(DATA SUPPLIED begins)

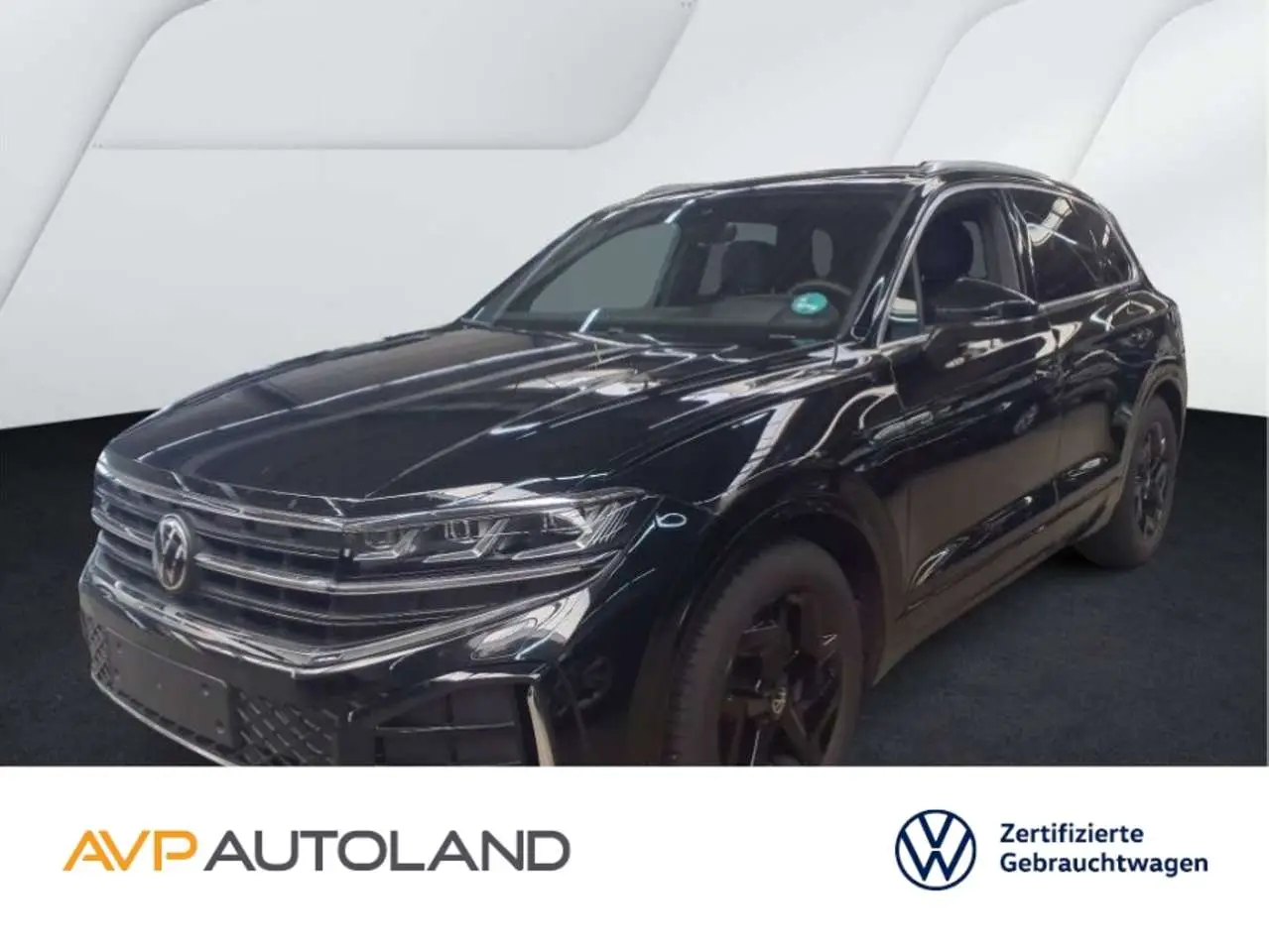 Photo 1 : Volkswagen Touareg 2024 Diesel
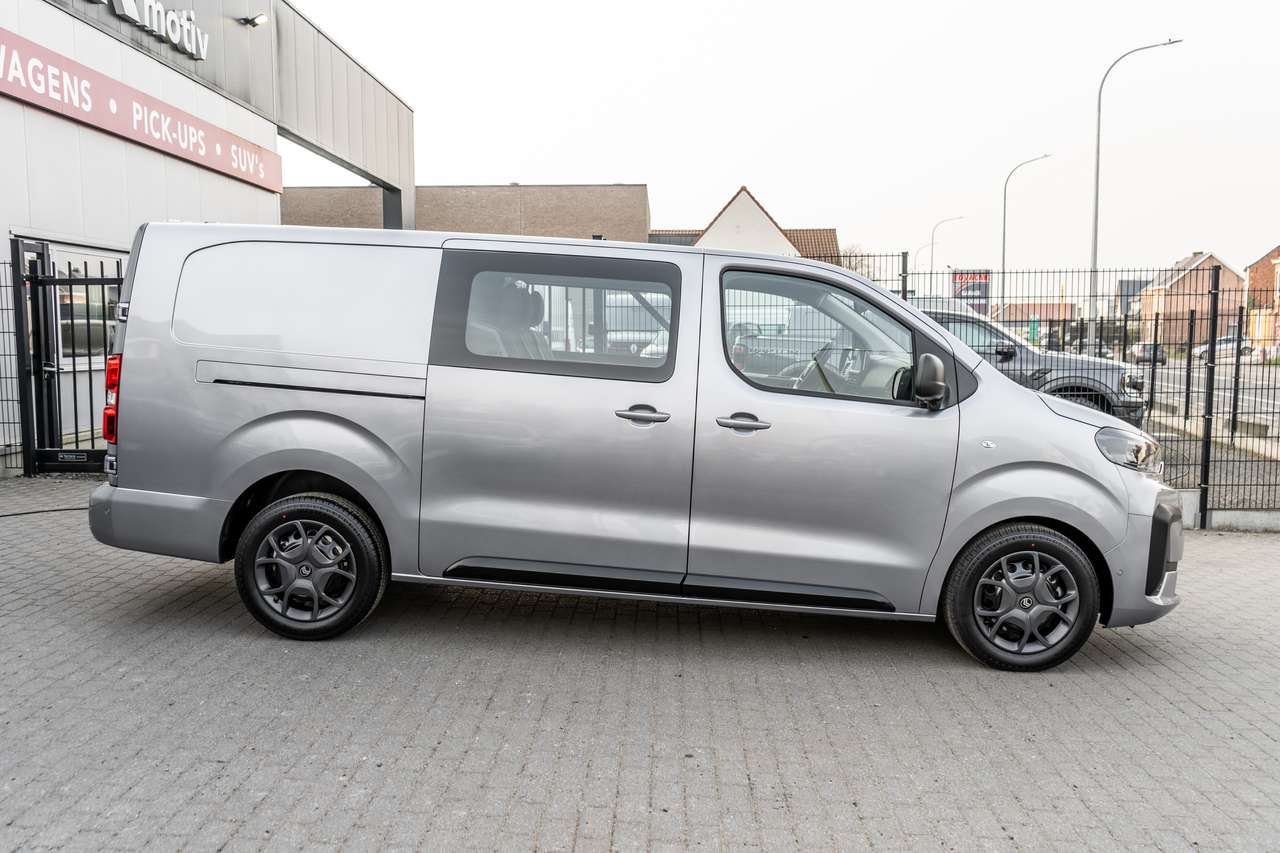 Citroen Jumpy 2.2HDi XL- 5pl - Automaat - Comfort - 31.000 ex — foto 2 van 20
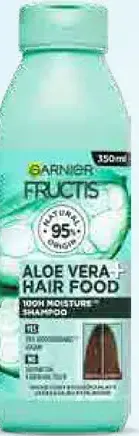 Garnier Šampón Hairfood Aloe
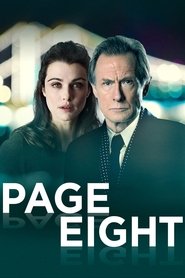 Poster van Page Eight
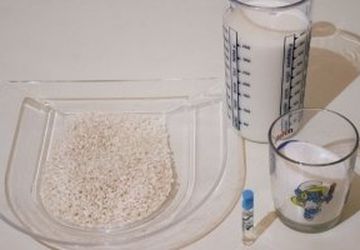 How To Cook Rice Pudding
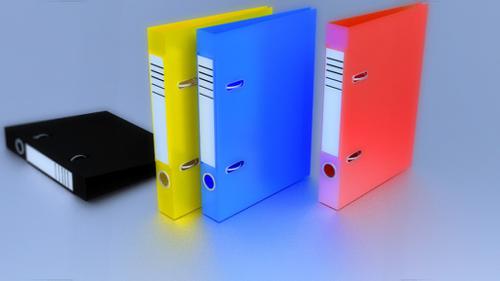 document holder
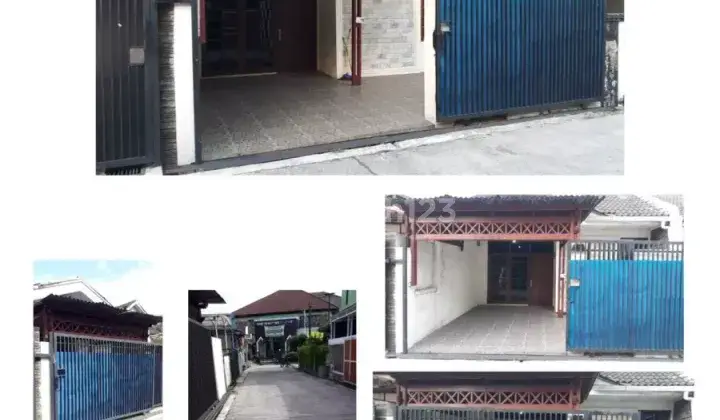 Rumah Siap Huni di Komplek Bahagia Permai Margacinta Bandung 850 Juta 1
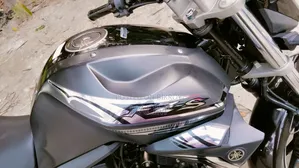 Yamaha FZ 2024 Black
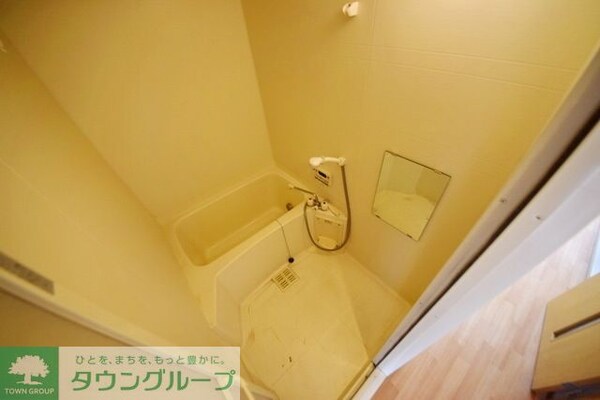 バス／シャワールーム等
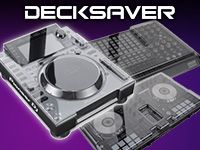 DJ機材用カバー「DECKSAVER」取り扱いアイテム大量追加！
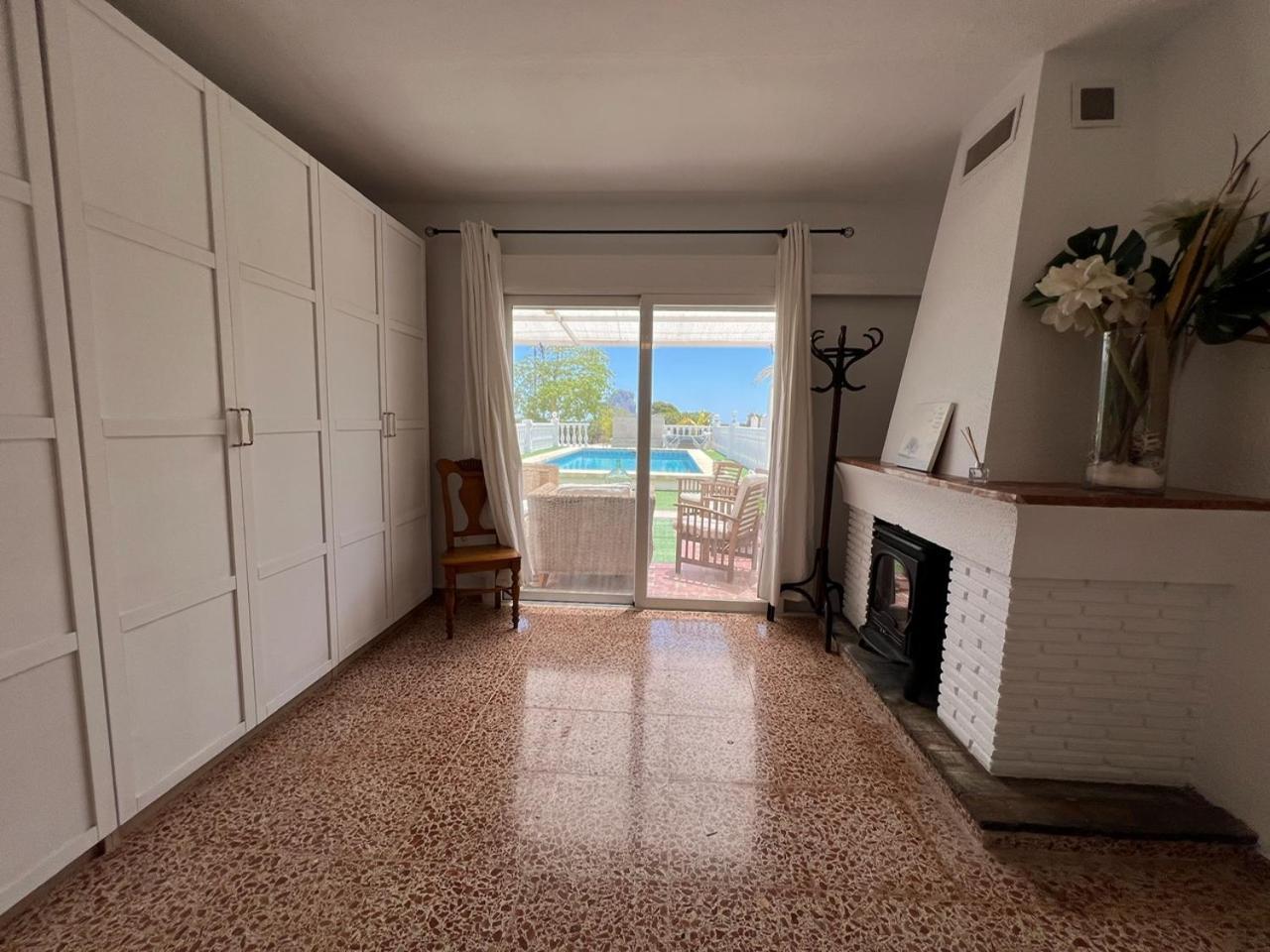Villa Corralets Calpe Esterno foto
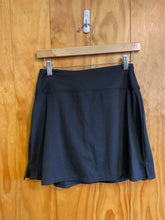 Load image into Gallery viewer, Size S DSG Black Skirt
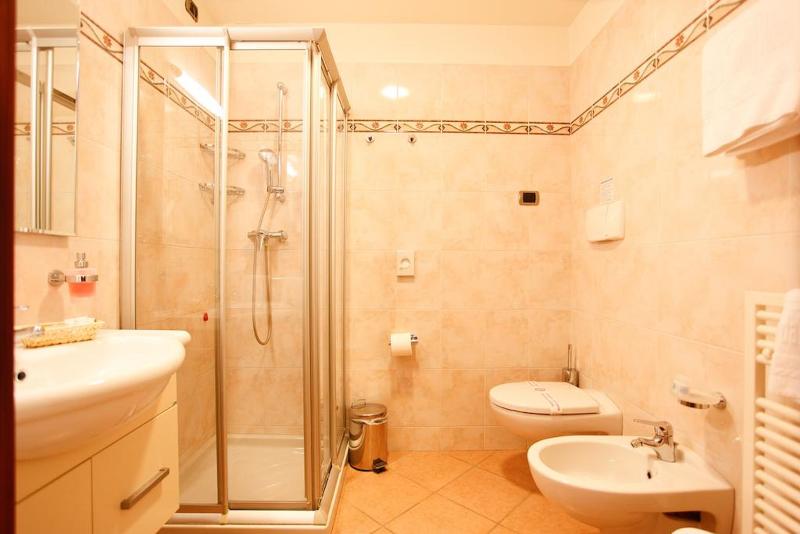 Номер Стандарт с Балконом, Villa Janto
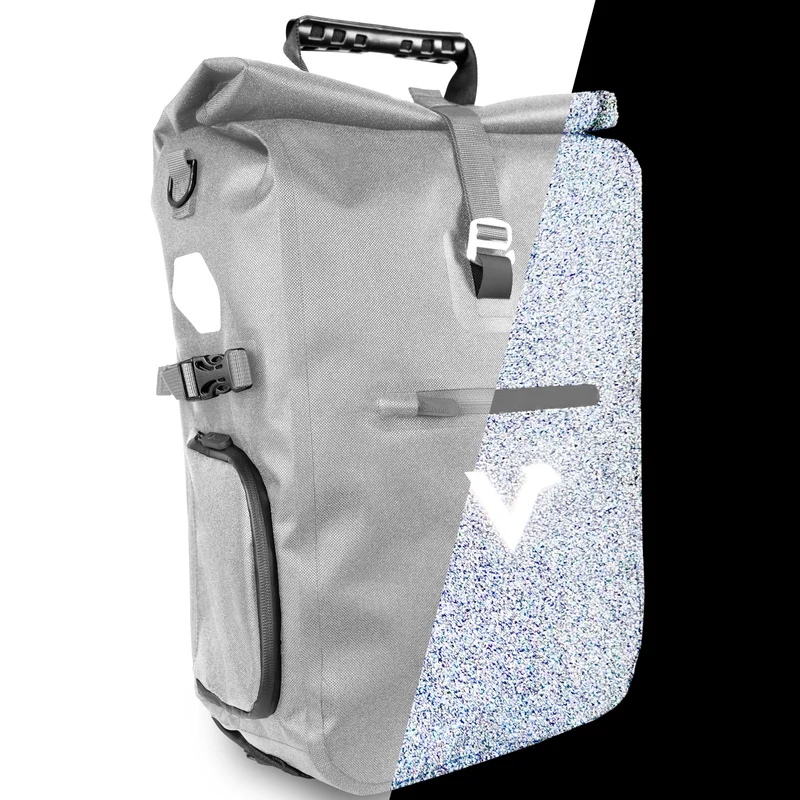 ValkPro 3in1 Fahrradtasche - hochfunktionales Multitalent - B-Ware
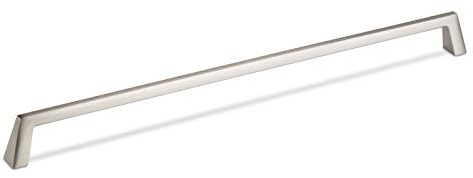Möbelgriff ADAMO/BA 320 mm/Edelstahloptik/Türgriff Bügelgriff von SO-TECH®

(DATA SUPPLIED ends)

■ YOUR GOAL ■
Starting with the line that contains "Yamaha FZ 2024 Black", print every remaining line of the records above, exactly as it stands. Do not print the pictures.

■ ANSWER TO THE EXERCISE ■
 Yamaha FZ 2024 Black
 バス／シャワールーム等
 DJ機材用カバー「DECKSAVER」取り扱いアイテム大量追加！
Villa Corralets Calpe Esterno foto
 Load image into Gallery viewer, Size S DSG Black Skirt
 Номер Стандарт с Балконом, Villa Janto
 ValkPro 3in1 Fahrradtasche - hochfunktionales Multitalent - B-Ware
Möbelgriff ADAMO/BA 320 mm/Edelstahloptik/Türgriff Bügelgriff von SO-TECH®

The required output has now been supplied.